= How to complete this task =
Starting at the first line of the material below and stopping after the line that includes "For example, we've", write the lines out again exactly. Drop any pictures.

= Listed records =
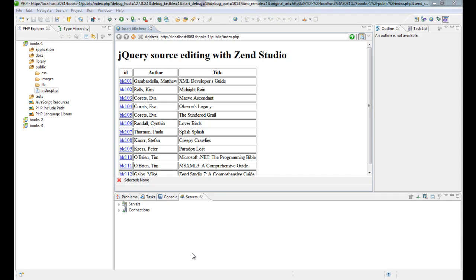Hi, this is a jQuery screencast and I'm going to demonstrate the source editing features in Zend Studio.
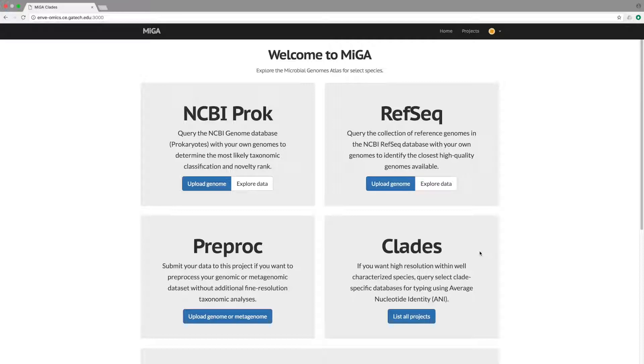MIGA can also take as input raw reads and assemble them into longer contigs, which then can be submitted for taxonomic identification. We will briefly cover the latter functionality first.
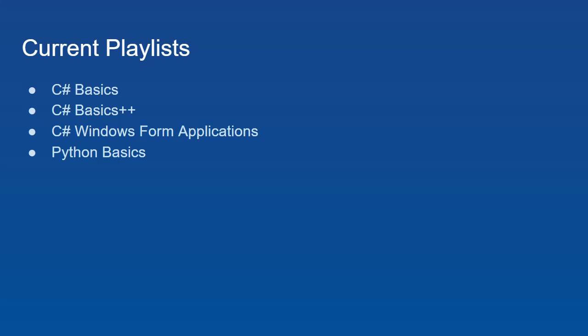All of these playlists I am planning on continuing to expand and add content to.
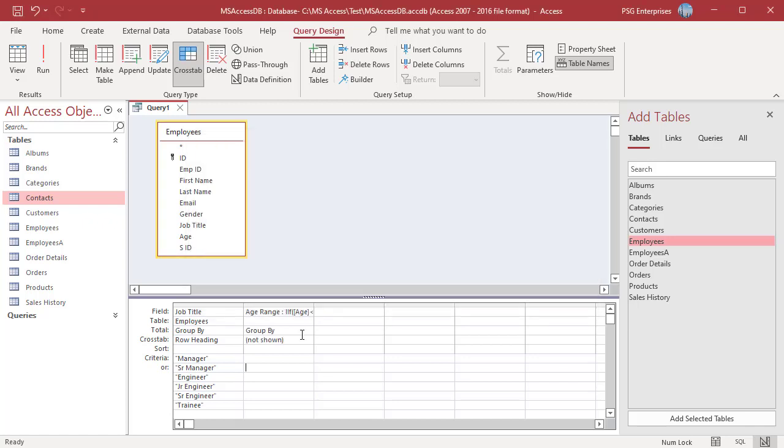In the total row, select Group By. In the crosstab row, specify whether to use the ranges as row headings or column headings. You can specify only one field for column heading. Select Column Heading.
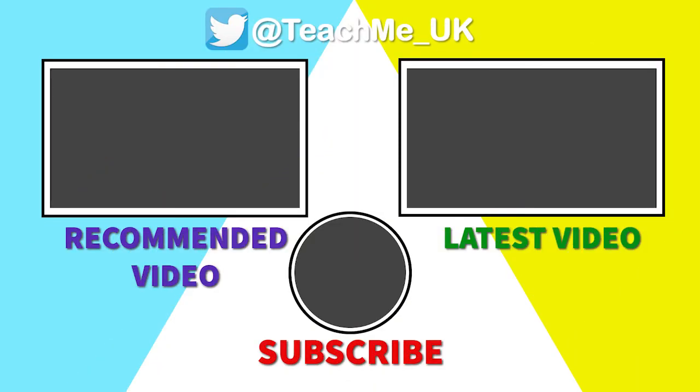If you have found this video helpful, please give it a like and subscribe to the channel for more useful guides on how you can enhance your teaching and learning in and out of the classroom.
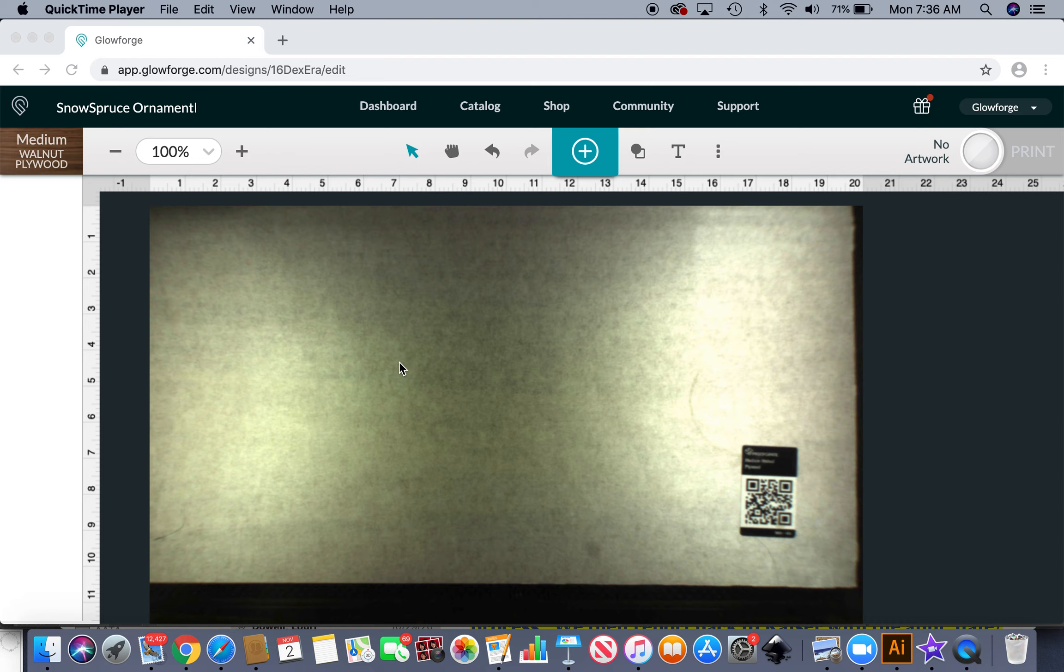Hey guys, it's Mesa and I quickly wanted to show you how I am working with this Snow Spruce Ornament and Decor Set in the Glowforge user interface using the premium subscription.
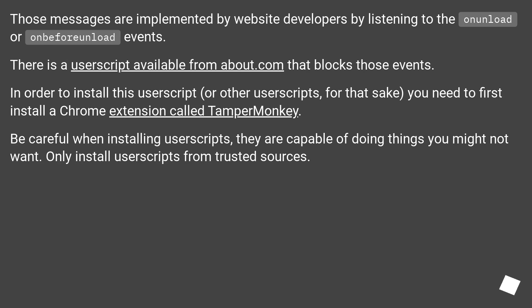Those messages are implemented by website developers by listening to the onunload or onbeforeunload events. There is a user script available from about.com that blocks those events.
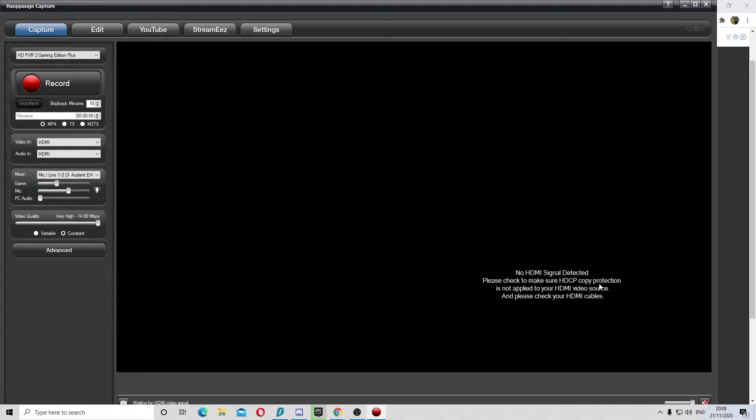If you have HDCP enabled, you can't record unless you turn it off. So I'm going to show you how to turn it off.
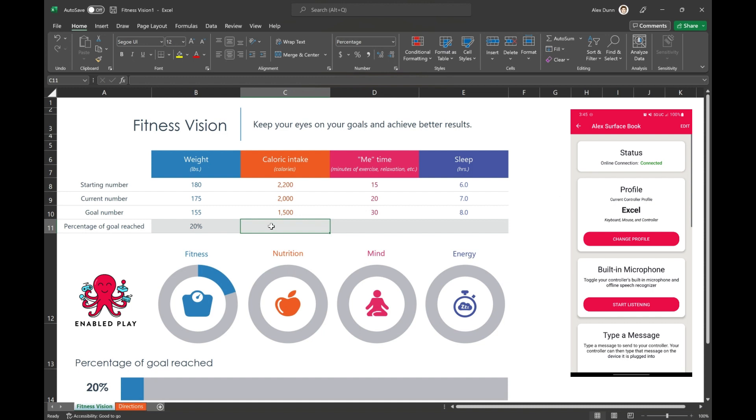For example, we've got the fitness vision template from Excel here, and the idea is that we're going to get the percentage of each of the goals reached, and they should fill out the rest of the sheet to the bottom. But rather than having to go and select each cell and copy the same formula across the board, we can use voice commands instead.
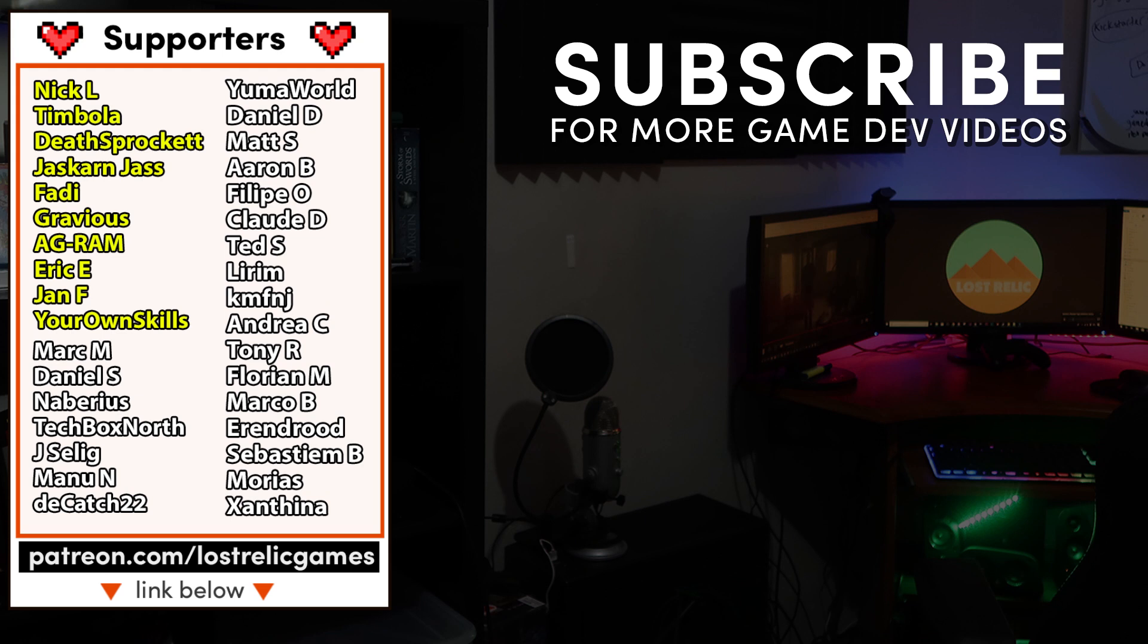A big thank you to all my Patreon supporters who helped make this video possible. I love you all.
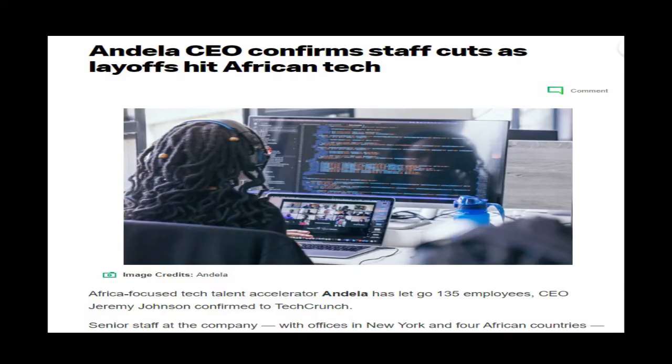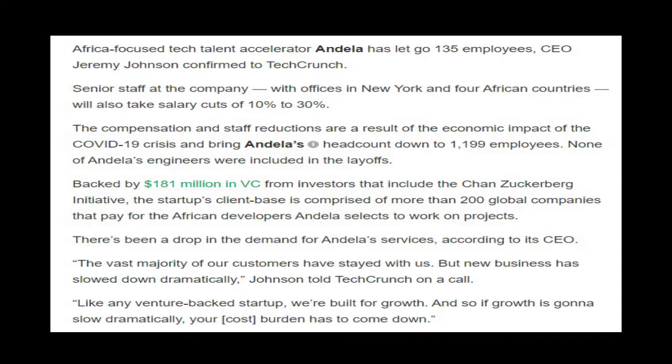Like any venture-backed startup, we're built for growth. And so if growth is gonna slow dramatically, your cost burden has to come down. The company is also preparing for the possibility of hard economic times moving forward.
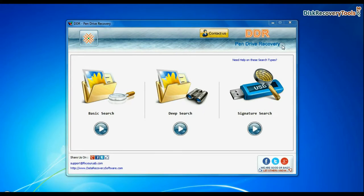Software has three recovery modes: Basic search, deep search, and signature search. Select any recovery mode and continue.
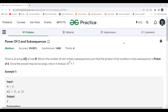Hi everyone, welcome to my YouTube channel. Today in this video we are going to solve the problem of the day on the GeeksForGeeks platform. Today's problem is 'Power of Two and Subsequences'. As usual, first we'll be understanding the problem statement, then the logic part, and then we'll proceed to the coding part.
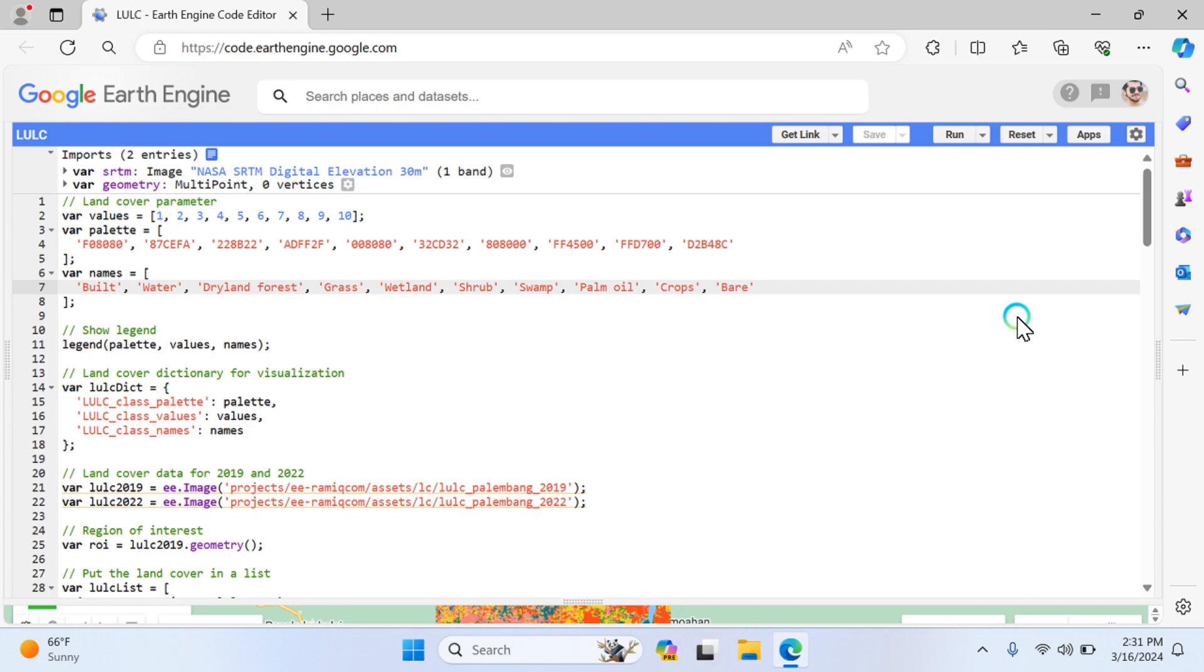Hello, welcome back. Today we are going to discuss how to calculate land use land cover future prediction using the Google Earth Engine platform. This is the code I will share in the description of this video, and I'll also tell you what parameters I'm using here and how you can choose any other location and run this code.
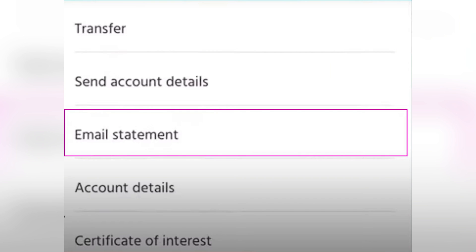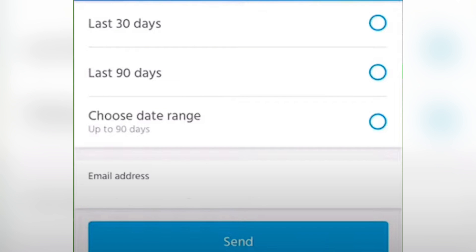Next you would need to tap email statement so that your bank statement would be sent to your mail. On this step you would just need to select the period of the bank statement — it's either 30 days or 90 days.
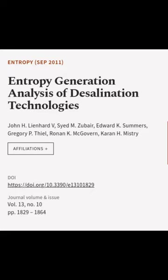This article was authored by John H. Lienhard V., Syed M. Zubair, Edward K. Summers, and others. For more information, visit www.fema.gov.au.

= Solved problem =
Hi, this is a jQuery screencast and I'm going to demonstrate the source editing features in Zend Studio.
MIGA can also take as input raw reads and assemble them into longer contigs, which then can be submitted for taxonomic identification. We will briefly cover the latter functionality first.
All of these playlists I am planning on continuing to expand and add content to.
In the total row, select Group By. In the crosstab row, specify whether to use the ranges as row headings or column headings. You can specify only one field for column heading. Select Column Heading.
If you have found this video helpful, please give it a like and subscribe to the channel for more useful guides on how you can enhance your teaching and learning in and out of the classroom.
Hey guys, it's Mesa and I quickly wanted to show you how I am working with this Snow Spruce Ornament and Decor Set in the Glowforge user interface using the premium subscription.
Those messages are implemented by website developers by listening to the onunload or onbeforeunload events. There is a user script available from about.com that blocks those events.
If you have HDCP enabled, you can't record unless you turn it off. So I'm going to show you how to turn it off.
For example, we've got the fitness vision template from Excel here, and the idea is that we're going to get the percentage of each of the goals reached, and they should fill out the rest of the sheet to the bottom. But rather than having to go and select each cell and copy the same formula across the board, we can use voice commands instead.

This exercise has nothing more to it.